Career Wellness

Stretch Your Rubber Band

One of the concepts I often share with my coaching clients is that of ‘stretching the rubber band.’ rubber band

You know how when you are going to use a rubber band, you stretch it first, making it bigger than it needs to be, before placing it where you actually need it? You can also use this concept when you are trying to develop new skills or stretch your existing skills. Before you are in a situation where you actually need that skill, practice stretching it way beyond where it needs to end up.

For example, let’s say you want to become more concise in your speaking habits. Rather than just trying to reduce a little (which is hard to measure), take a situation you commonly find yourself in, or that you know you have coming up, and think about what you would say if you could only say three words in that situation. Or, for one whole day, practice speaking to people only in sentences of no more than six words.

If you struggle with engaging with others, give yourself a day to run errands and commit that you will make eye contact and say hello to every person you pass on the street, or stand in line with at the grocery store.

If you want to be a better listener, use verbal mirroring all day for one day (you’ll be exhausted, trust me!) Verbal mirroring is repeating literally every single word the other person is saying, generally done silently in your head.

These all seem like silly examples but that is the point–they are extreme. By getting the feel of a behavior that is more extreme than what you actually desire in the long run, it provides perspective. When you later use the behavior you actually want to use, it won’t feel nearly as uncomfortable.

Think about it–what are you working on and how can you stretch that rubber band in a safe environment before you have to really perform? Now, get out there and try it.

Career Wellness Checkup #19

Now that you own your strengths, are you ready to own your weaknesses?

You can call them opportunities or challenges. Whatever makes you feel good. But the point is this: in this modern culture of defer, deflect, or deny anything that sounds less than 100% positive, we can unintentionally limit our potential for growth. If we don’t acknowledge any weaknesses or any gaps, what incentive do we have to try to improve?

I believe wholeheartedly in strengths-based performance. Tapping into our natural strengths gives us energy and easy wins. And we need that. But how do we expand our impact?  By expanding our capabilities.

There once was a time when I used my natural strength of observation to great effect.  I lay on my back (or my belly) and observed the world. And I learned a lot. All good stuff, that I used later in life. But I had a weakness.  I could not yet crawl. And this really limited my world, and my impact on it. So, I worked on crawling.  And, even though I never became a world-class crawler, it sure changed my life.

Okay, I admit that was a tongue-in-cheek example, but it illustrates that we cannot focus only on that which we already do well.  We must take an unflinching look at those things which we don’t. Rather than looking away from them and trying to pretend they don’t exist, face them. Then, decide what to do about them.

What are those things with which you struggle?

Name them. It’s okay.  We all have them.  The best leaders acknowledge their weaknesses and use various strategies for minimizing the impact on their effectiveness.  Here are a few:

1) They ask “How critical is this competency?”

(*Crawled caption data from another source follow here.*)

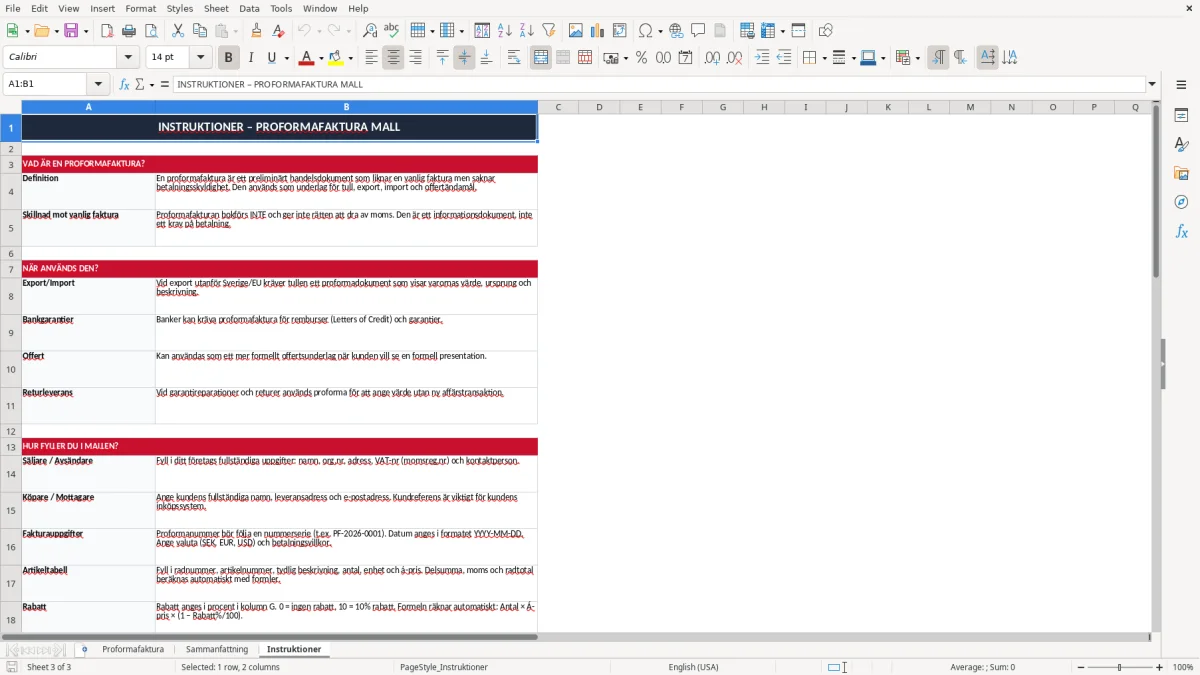 Skärmbild 3: fliken Instruktioner - Excelmall proformafaktura excel mall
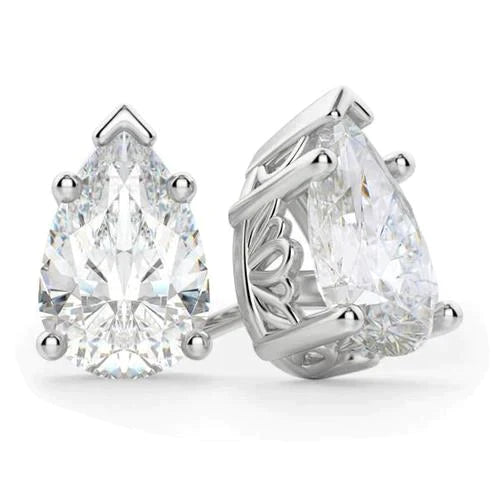 Brincos femininos com diamante lapidação pêra 4 quilates com cravação de coroa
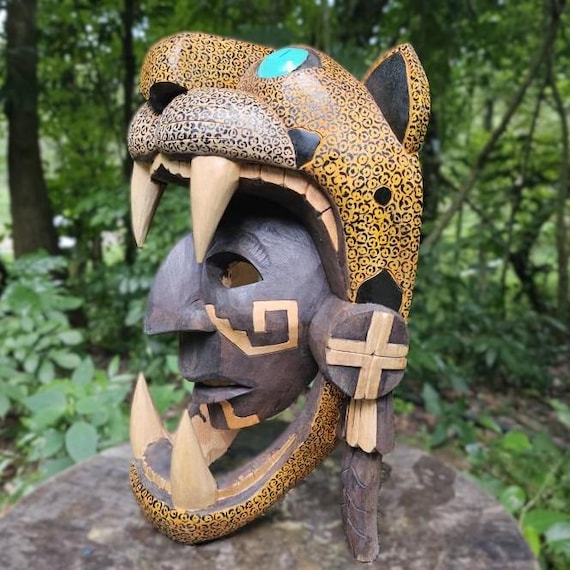 Cedar Jaguar mask: Mayan and Aztec Culture, Pre-Hispanic Art, handcrafted wall décor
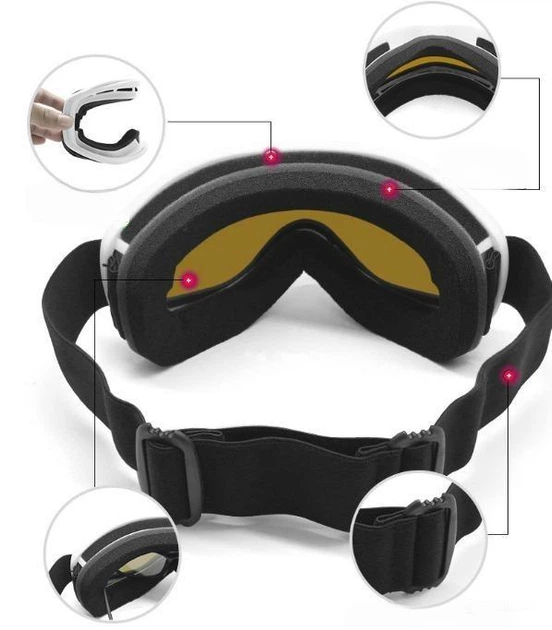 Маска лыжная REVO Двойное стекло / Горнолыжные очки защита UV400 Зеркальное стекло, черная оправа, черный ремешок - изображение 5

In other words, there are certainly many things which we aren’t good at that we simply don’t need to be. Acknowledge them, and then forget them. Do not invest any more of your mental, emotional or physical energy on them. You’ll need it elsewhere. I was never a fast runner. Fortunately, this has nothing to do with success in my career. So, I invest 0% of my energy in developing that skill.

2) They ask “Do I need to do this myself or can I leverage another person for this?”

No leader is an expert in all things. The best ones, though, surround themselves with those who do possess the critical skills that they don’t. They enlist others in their vision and harness the horsepower of others.

3) They ask, “What skills are complementary to my strengths and will magnify them?”

Sometimes possessing a particular competency ourselves is critical. These are the ones in which we need to invest. For example, the most impactful innovators are those who not only do the research & design, but have developed some skill in presenting their ideas to others. Innovators who can’t or won’t speak up will never get their ideas heard. There is a fantastic article here in the Harvard Business Review on the topic of developing complementary skills. I encourage you to read it.

4) They invest time and energy in developing those competencies. 

It’s not easy.  It’s almost never quick. No pain, no gain as they say.  But the investment can pay off big time.

So, are you ready to own your weaknesses?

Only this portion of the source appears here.